American Comic Strip Printing Plates and Drawings

cartoonplate8.jpg

Thanks to the generous donation of Charles Rose, Class of 1950, P77, P80, Graphic Arts now holds 1429 zinc and aluminum printing plates for comic strips syndicated to American newspapers from the 1920s to the 1950s. The plates originated with Abraham Meyers, whose American Melody Company or Meyers List (newspapers knew the firm as International Cartoons or Empire Features) was founded in 1898.

At first a distributor of sheet music, Meyers transitioned to comic strips in the early 20th century. One package of zinc printing plates was shipped to each newspaper at the beginning of the month and then returned. There was no sequence or simultaneous publishing of comics in city papers around the country.

In 1934, the firm passed to J.R. Kramer and then, to Kramer’s son-in-law Charles Rose, who bought out the company in 1967. He and his wife ran the business until the Meyers List was dissolved on March 20, 1977.

cartoonplate10.jpg
cartoonplate3.jpg

In addition to the plates, record books for the business, various teaching materials, and several albums of published strips, Princeton received 86 original pen and ink drawings for cartoons by Camillus Kessler, an active but little documented cartoonist. Kessler published comics in the New York Globe and Advertiser, New York Evening Graphic, New York World, and other papers from around 1914 into the 1940s.
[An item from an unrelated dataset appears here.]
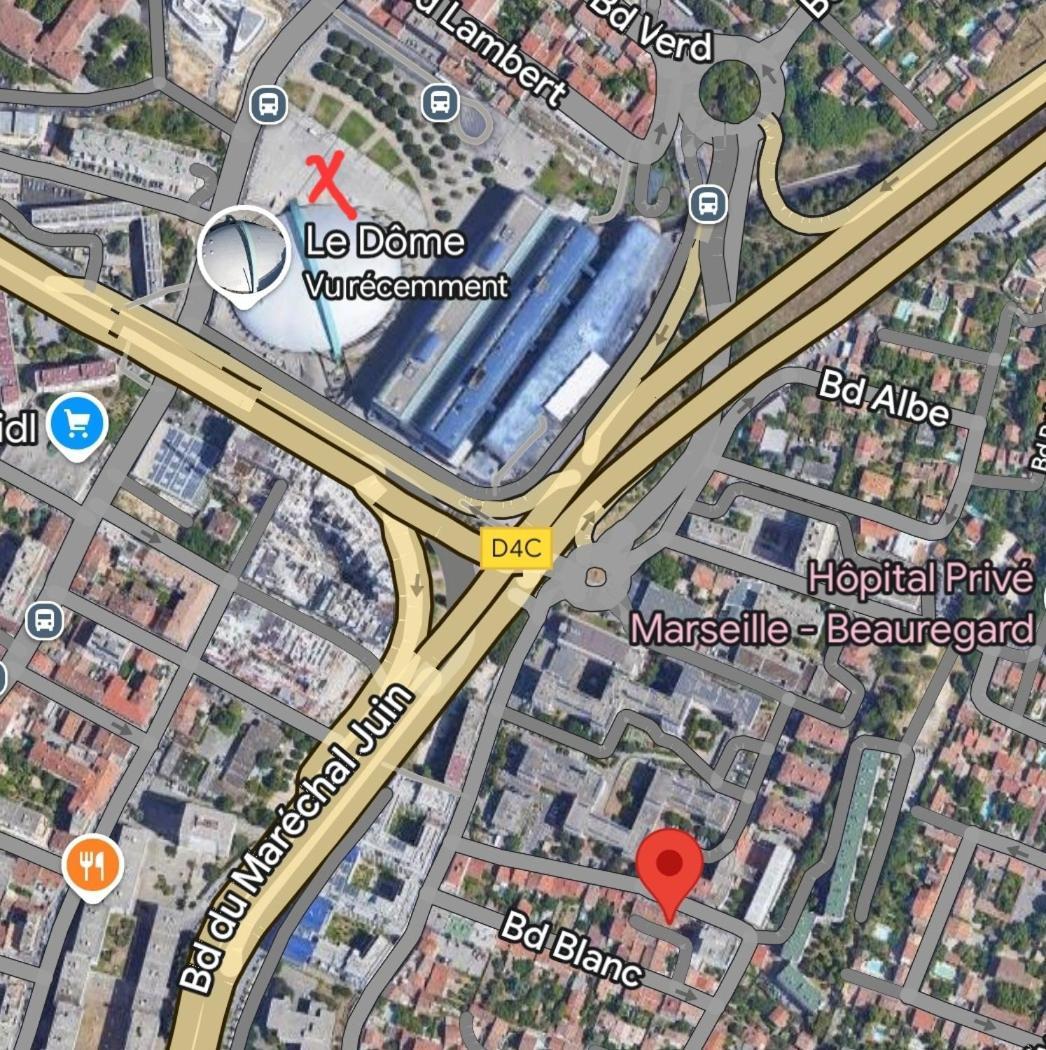T2 Chambre Miroir Jardin Et Parking Prive Marseille Exterior photo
Firestone Library holds two compilations of Kessler’s work: At the Bottom of the Ladder (Philadelphia: J.B. Lippincott Co., 1926). NC1320 .K44 and Twenty-Five Years Ago (New York: Coward-McCann, 1931). NC1320 .K45.

cartoonplate7.jpg
cartoonplate6.jpg

Most recognizable of the printing plates are the 652 zinc two and four panel plates of Just Kids drawn by New York cartoonist August Daniel “Ad” Carter (1895-1957). The strip began in the summer of 1923 and ended with Carter’s death in 1957.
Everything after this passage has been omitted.